Pretrial intervention, often referred to as “PTI,” is a diversionary program utilized by South Carolina’s circuit solicitors’ offices to afford folks with little to no prior criminal history the opportunity to have their charges dismissed and expunged.

PTI is governed by South Carolina Code Section 17-22-10, et seq.  The Code affords each circuit solicitor the freedom to establish pretrial intervention programs, providing the solicitors with a great deal of discretion in the establishment, purpose, and maintenance of each circuit’s diversionary program. 

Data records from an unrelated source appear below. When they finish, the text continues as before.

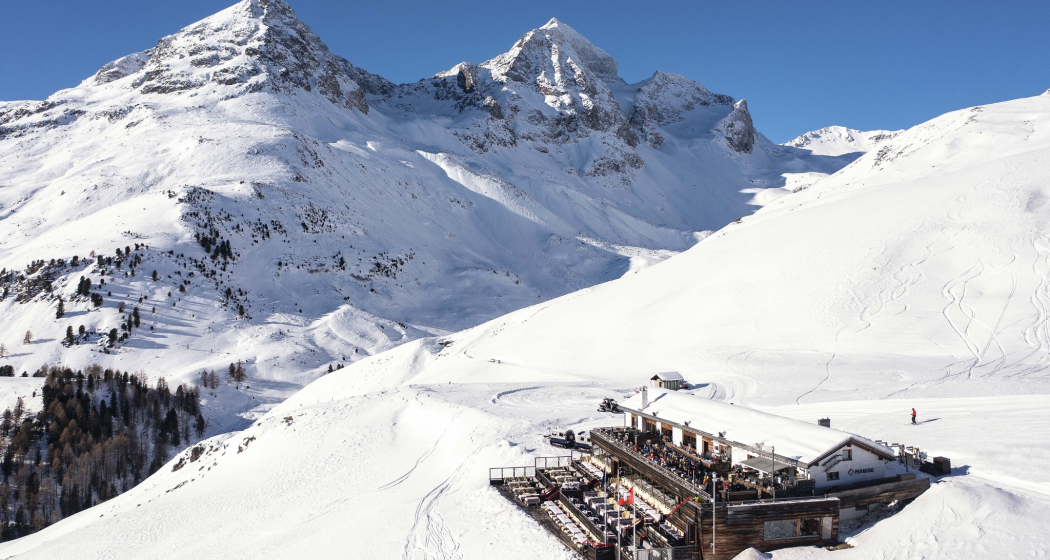 Paradiso Mountain Club & Restaurant (oua_605631883_image) Paradiso Mountain Club & Restaurant (oua_605631883_image)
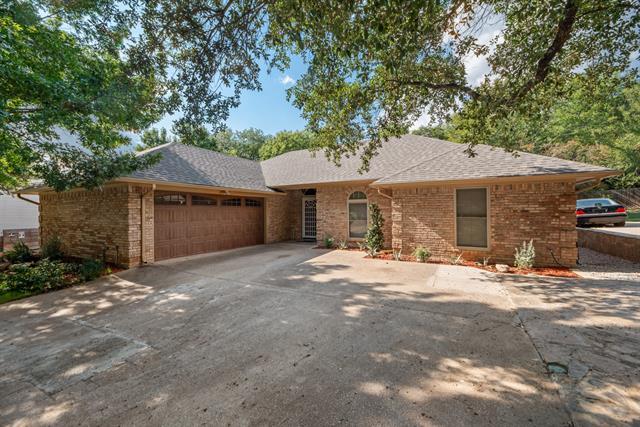 5409 Chimney Rock Rd in Fort Worth, TX - Building Photo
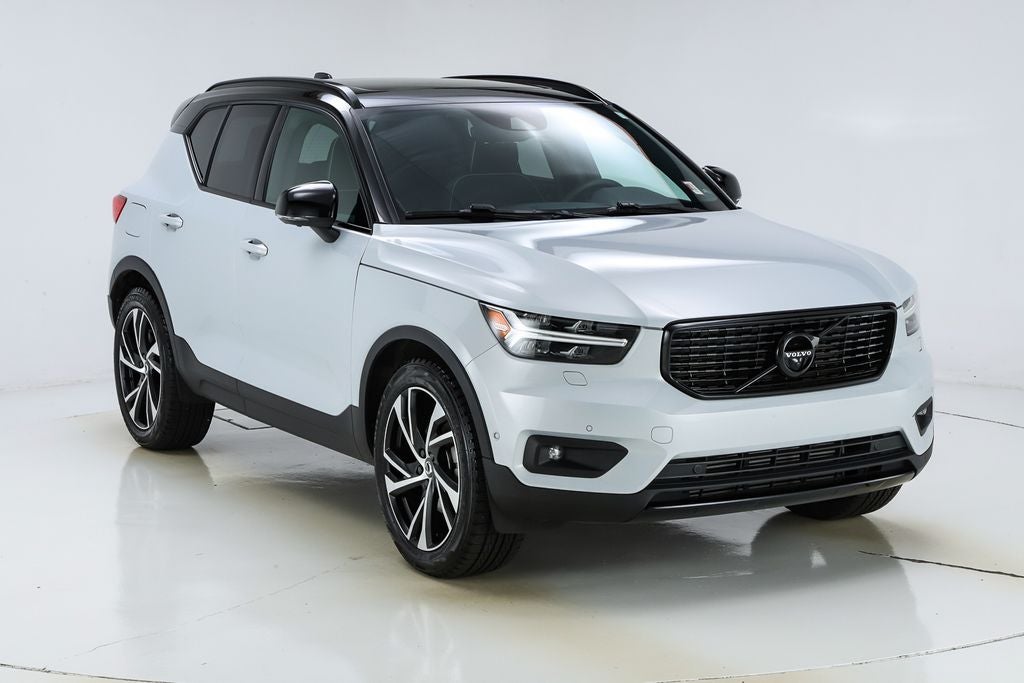 2022 Volvo XC40 R-Design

What is the benefit of PTI?

Pretrial intervention affords folks accused of committing criminal acts the opportunity to address the charge with a diversionary program that will ultimately, if successful, result in the dismissal of the pending warrant and the expungement of the charge from the offender’s criminal history.  If you are concerned that a criminal charge and conviction could detrimentally affect your professional and personal life, then you may want to consider PTI as an option to avoid the negative effects associated with a criminal conviction.

What do you do on PTI?

The pretrial programs vary from circuit to circuit, and often each program is designed to address the issues that lead to the accused’s original arrest.  Crimes related to drug use and abuse are often addressed in PTI with counseling and treatment.  Crimes related to anger are often addressed with anger management or batterer’s treatment.  When a victim is owed restitution, the successful repayment of that restitution will be made an element of the PTI program.  Ultimately, the specifics of an accused’s PTI program are in the discretion of the folks entrusted to operate the program.

Who is eligible for PTI?

While the Code of Laws ensures that each solicitor has a great deal of discretion in determining how to run PTI and who to admit, the law specifically prohibits certain folks from being admitted in to the program.  Those ineligible for PTI include:

  • A person previously accepted into PTI; or
  • A person charged with:
    • Blackmail;
    • DUI or DUAC;
    • Traffic offenses punishable only by fine or loss of points;
    • Fish, game, wildlife, or commercial fishery offenses punishable by a loss of eighteen points;
    • Domestic violence, if the person has previously been convicted of domestic violence; or
    • A violent crime as defined by South Carolina Code Section 16-1-60.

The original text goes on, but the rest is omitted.